Юноша пожал плечами.
— Попытка не пытка.
Если бы они смогли достать еще индиго, можно было бы как-то наверстать упущенное в этом сезоне, хотя это и было опасно, так как предполагало долгое путешествие по территории племени чикасо, встречу с английскими торговцами из Каролины, поскольку дожидаться прихода другого корабля они не могли. И даже тогда прибыль была бы маленькой. Она отошла к столу и принялась разбирать корзину. Остановилась.
Стиснув в руках пару мускатных орехов, она тихо сказала:
— Во всем виновата я.
— Нет, дорогая, никто не виноват. Такое случается.
— Она была благодарна Гастону за сочувствие в голосе, хотя и удивилась.
— Если бы я не притащила Лемонье…
— И если бы я не помог тебе? Прошу тебя, не терзайся, потому что тогда мне придется разделить с тобой вину!
В его взгляде сквозила ирония, так напоминавшая Жана.
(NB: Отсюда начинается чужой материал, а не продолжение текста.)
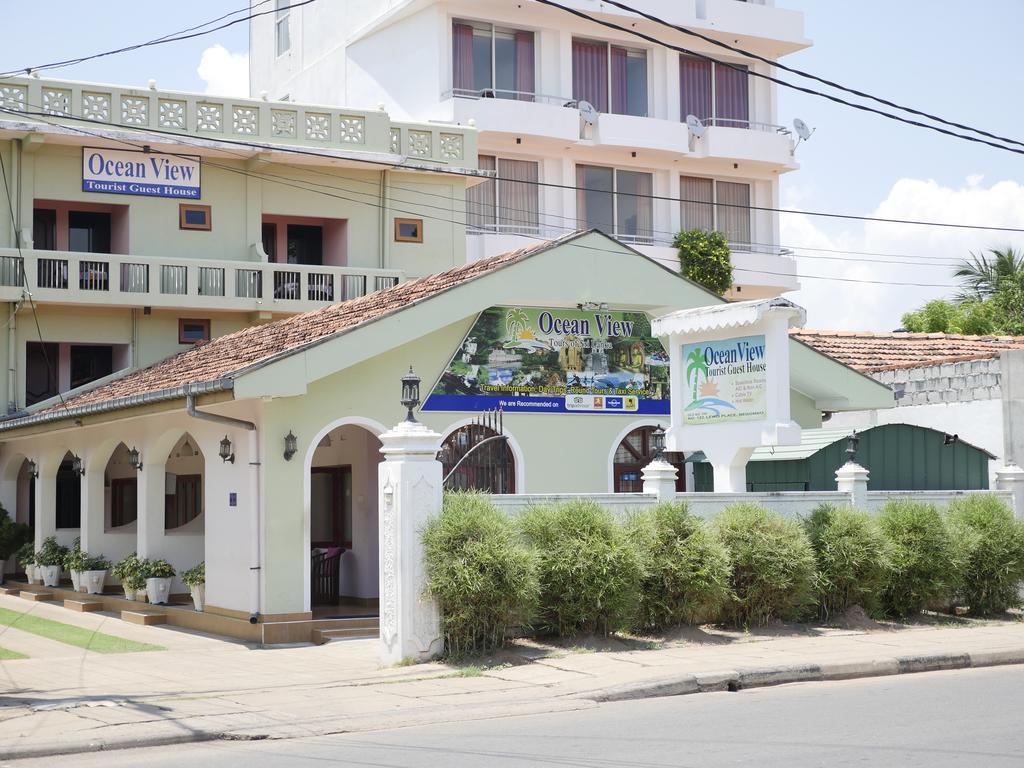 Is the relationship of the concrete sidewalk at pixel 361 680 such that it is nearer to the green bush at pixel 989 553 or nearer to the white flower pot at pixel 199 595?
the green bush at pixel 989 553

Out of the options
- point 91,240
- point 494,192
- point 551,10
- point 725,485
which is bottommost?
point 725,485

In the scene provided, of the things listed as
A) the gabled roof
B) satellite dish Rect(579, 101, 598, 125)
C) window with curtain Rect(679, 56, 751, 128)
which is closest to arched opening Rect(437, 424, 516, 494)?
the gabled roof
Он сказал то, что хотел сказать, но не только ради этого начал разговор. Он еще хотел развеселить ее.
— Я когда-нибудь говорила тебе, Гастон, какой ты замечательный и как нравишься мне?
Он вздохнул с притворным удовлетворением, хотя глаза его блестели так же ярко, как золотая серьга в ухе.
— А я думал, ты не замечаешь. Ты считаешь, я красив?